Mittwoch, 8. Mai 2019 - 14:00
Handel
Convenience
Patrick Steppe, Chief Executive Officer (CEO) Lekkerland AG & Co. KG (Foto: Lekkerland)

Die Leckkerland-Gruppe hat ihre Bilanz für das Geschäftsjahr 2018 veröffentlicht. Das auf Unterwegs-Konsum spezialisierte Unternehmen hat im vergangenen Jahr einen Umsatz von 12,4 Mrd. Euro und ein operatives Ergebnis (EBIT) von 92,7 Mill. Euro erzielt. Ein Rückgang im Vergleich zu 2017, damals hatte der Umsatz noch bei 12,8 Mrd. Euro und das EBIT bei 104,3 Mill. Euro gelegen. Patrick Steppe, Vorstandsvorsitzender der Lekkerland AG & Co. KG, kommentierte in einer Pressemitteilung: »Das Ergebnis resultiert vor allem aus dem inzwischen abgeschlossenen Ausstieg eines Großkunden in Deutschland.« Ein Teil des Umsatzrückgangs – konkret: 127,1 Mill. Euro auf Gruppenebene – sei zudem auf die erstmalige Anwendung des Rechnungslegungsstandards IFRS 15 zurückzuführen. »Das Geschäftsjahr 2018 hat unsere ambitionierten Erwartungen übertroffen und ist angesichts der Herausforderungen erfreulich verlaufen.«

Lekkerland ist in sieben europäischen Ländern aktiv: Deutschland, Belgien, Luxemburg, Niederlande, Österreich, Schweiz und Spanien. In Deutschland lag der Umsatz 2018 bei rund 6,9 Mrd. Euro (2017: rund 7,6 Mrd. Euro) und das EBIT bei 77,4 Mill.  Euro (2017: 79,0 Mill. Euro). Im Segment Restliches Westeuropa, das die Aktivitäten in den anderen Ländern zusammenfasst, steigerte Lekkerland den Umsatz im Jahr 2018 auf 5,4 Mrd. Euro (2017: 5,2 Mrd. Euro).

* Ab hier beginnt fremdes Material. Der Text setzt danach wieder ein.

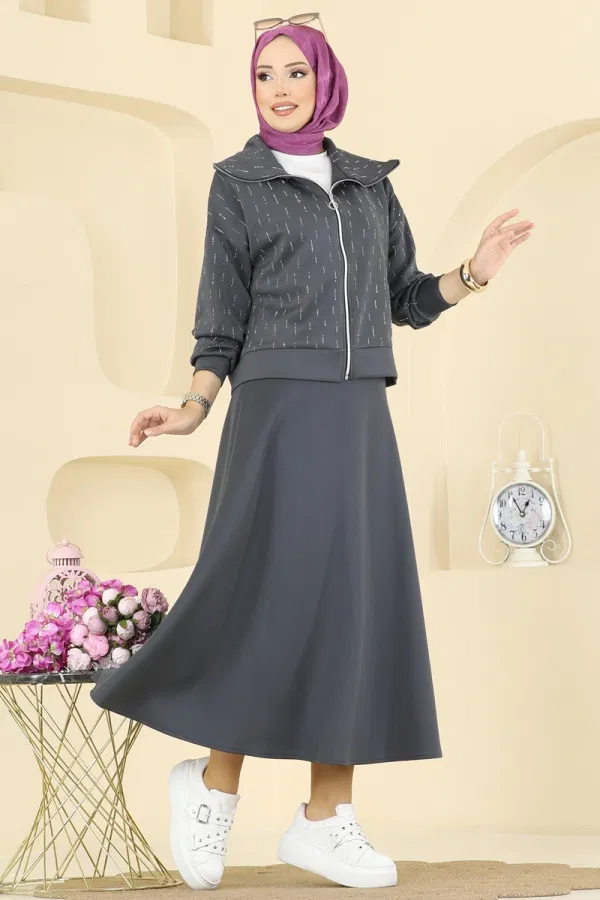 Modaselvim Kombin Taşlı Scuba Etekli Takım 7099TEG847 Antrasit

In den einzelnen Sortimenten haben sich die Umsätze wie folgt entwickelt: Bei Tabakwaren sank der Umsatz der Lekkerland Gruppe um 3,1 Prozent auf 9,8 Mrd. Euro (Lekkerland Deutschland GmbH & Co. KG: – 7,4%/ 5,8 Mrd. Euro). Im Bereich Food/Non-Food ging der Umsatz um 3,0 Prozent auf 2,5 Mrd.  Euro zurück (Deutschland: – 12,5%/ 1,1 Mrd. Euro), im Segment Provisionen auf electronic value (e-va)/Sonstiges um 6,2% auf 111,8 Mill. Euro (Deutschland: – 8,0%/ 71,2 Mill. Euro).

Mit Blick auf die weiter steigende Wettbewerbsintensität und herausfordernde Rahmenbedingungen – unter anderem durch die Einführung von Track & Trace in der Tabaklogistik – deutet Lekkerland  für 2019 bereits an, dass ein erneuter Umsatzrückgang zu erwarten sei.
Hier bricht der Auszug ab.